There’s a better way to define Obesity, the commission found
Commission on Obesity based on Objective Measurements of Disease: “We’re not throwing out the BMI”, says Dr. Robert Kushner
“Fat in the belly causes systemic inflammation, which then goes on and causes other metabolic problems like elevated blood sugar, elevated blood pressure and increased fats in the blood,” Kushner explains. This can make you vulnerable to diseases such as diabetes and heart disease.
In addition, the commission recommends two new categories of obesity, based on objective measures of illness. The first category is for people who have a chronic disease related to their weight. The second category is called ‘pre-clinical obesity’ and it means that the person has higher risks for developing a health condition due to their level of body fat.
“Our reframing acknowledges the nuanced reality of obesity and allows for personalised care,” says Dr. Francesco Rubino, of King’s College London, who is chair of the commission.
The Commission had 56 experts with expertise in nutrition, medicine, and public health. Their report is published in the Journal Lancet Diabetes & Endocrinology.
More than 1 billion people worldwide live with obesity, and the condition is linked to about 5 million deaths every year2 from disorders such as diabetes and cardiovascular disease.
The current BMI-based measure of obesity can both overestimate and underestimate how much body fat a person has, explains Dr. Robert Kushner, an endocrinologist at Northwestern University who is part of the Lancet Diabetes & Endocrinology Commission.

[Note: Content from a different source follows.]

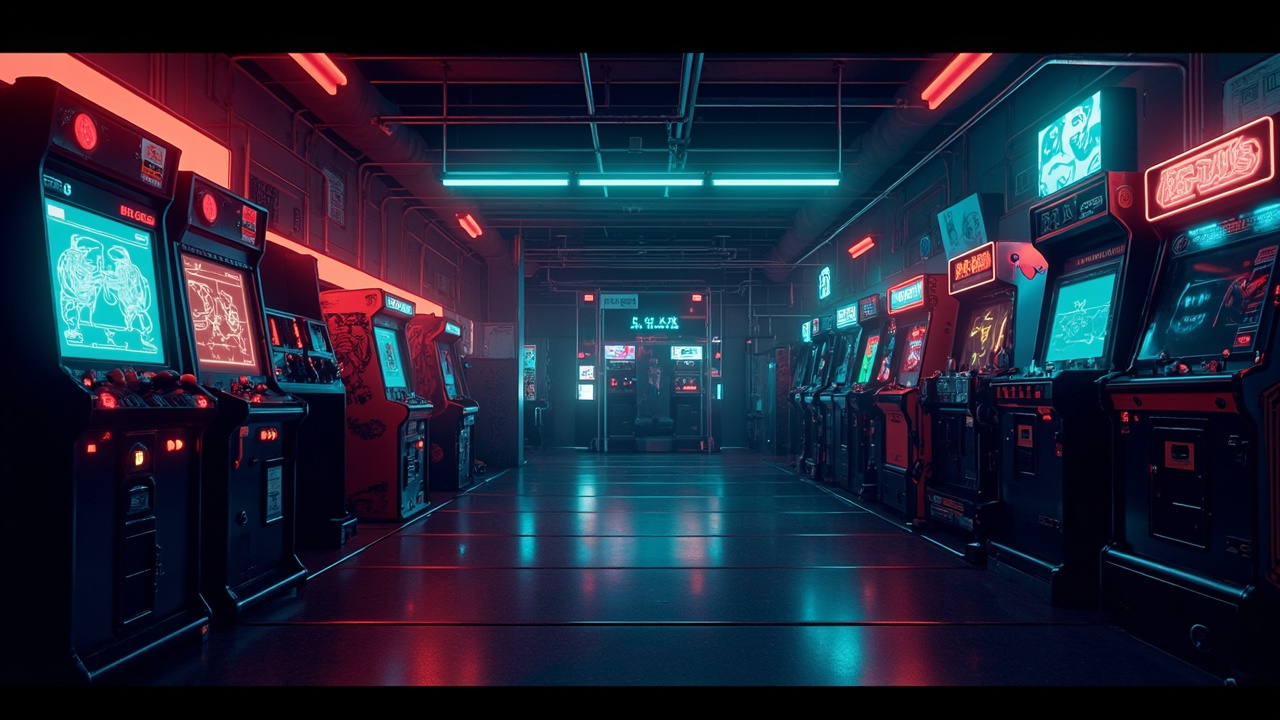 Illustration of a neon-lit retro arcade interior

A group of 58 researchers are challenging the way that obese people are referred to, calling for a more nuanced approach to the problem despite the rise in the popularity of weight-loss drugs.
For people of European descent, obesity is typically defined by a BMI of 30 or higher, which correlates with a high level of body fat. A muscular athlete that is labelled obese on the basis of their body mass index should also be considered morbidly obese, because they have excess fat that increases their risk of cardiovascular problems or other health issues according to a leader of the group.

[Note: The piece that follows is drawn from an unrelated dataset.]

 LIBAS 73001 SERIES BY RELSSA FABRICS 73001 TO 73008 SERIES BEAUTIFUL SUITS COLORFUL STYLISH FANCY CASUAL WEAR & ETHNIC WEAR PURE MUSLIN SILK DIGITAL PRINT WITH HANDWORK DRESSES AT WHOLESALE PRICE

The commission recommends that excess body fat should be confirmed by measuring a person’s waist circumference, waist-to-hip ratio, or waist-to-height ratio. When this option is available and affordable, one can have a direct measurement of body fat from a screening.

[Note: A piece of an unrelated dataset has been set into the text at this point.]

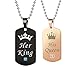 GAGAFEEL Couple Necklace Crown Tag Queen King & His Hers Stainless Steel Pendant Matching Set Lover Gift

“We’re not throwing out BMI, we are now recommending that individuals have another measurement obtained that more directly gets an estimate of body fat,” Kushner says.
The revised definition of adiposity, which was published in The Lancet Diabetes & Endocrinology1 on 14 January, focuses on how excess body fat, a measure called adiposity,affects the body instead of relying only on body mass index.
Robert Eckel, an Epidemiologist with the University of Colorado Anschutz Medical Campus in Aurora, says that the results of standard lab tests should be considered when determining if a person is obese. “These are objective diagnostic criteria, they’re standardized across global health systems,” he says.
Personalized assessments that consider age, gender and ethnicity are equally important, because certain groups might face health risks at lower BMI thresholds than others, says study co-author Louise Baur, a paediatrician at the University of Sydney, Australia.
“Now the idea is, eat less, move more, and you’ll lose weight,” says van Rossum, who wasn’t involved in the work. She says a healthy lifestyle isn’t important, and that this paper is an excellent way to discuss the complexity of Obesity.
This shift could improve clinical care, public-health policies and societal attitudes toward obesity, says Elisabeth van Rossum, an endocrinologist at the Erasmus University Medical Center Rotterdam in the Netherlands.